Segment Open

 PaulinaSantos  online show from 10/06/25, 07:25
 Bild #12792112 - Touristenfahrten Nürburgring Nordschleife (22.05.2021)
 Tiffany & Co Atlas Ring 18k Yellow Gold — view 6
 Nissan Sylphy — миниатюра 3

Segment Closed
Segment Open

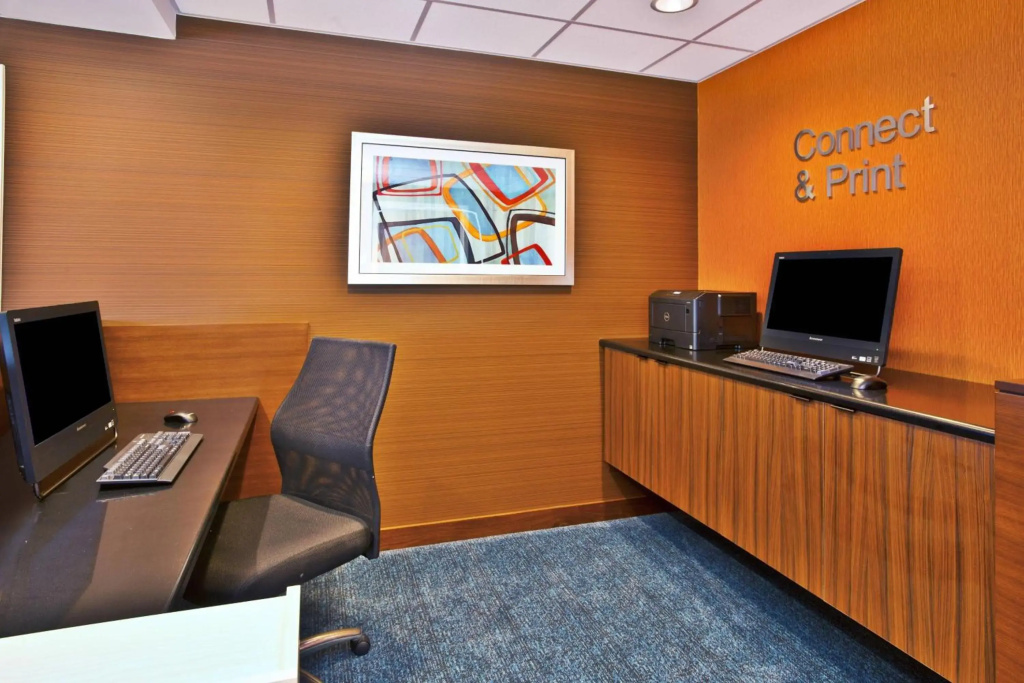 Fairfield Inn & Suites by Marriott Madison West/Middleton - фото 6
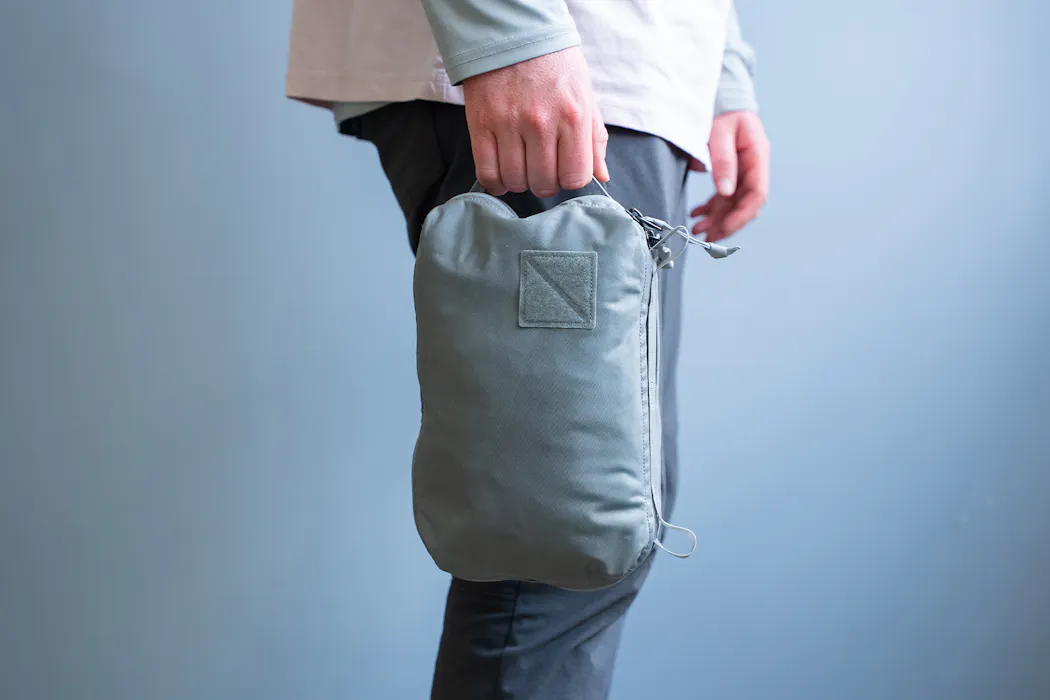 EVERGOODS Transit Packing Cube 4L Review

Segment Closed
Segment Open

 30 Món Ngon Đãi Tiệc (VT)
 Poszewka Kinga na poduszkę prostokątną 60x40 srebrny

Segment Closed

ASSIGNED TASK:
Print exactly the lines above, between the one holding "from 10/06/25, 07:25" and the one holding "Nissan Sylphy — миниатюра 3", inclusive, and nothing besides.

WRITTEN REPLY:
 PaulinaSantos  online show from 10/06/25, 07:25
 Bild #12792112 - Touristenfahrten Nürburgring Nordschleife (22.05.2021)
 Tiffany & Co Atlas Ring 18k Yellow Gold — view 6
 Nissan Sylphy — миниатюра 3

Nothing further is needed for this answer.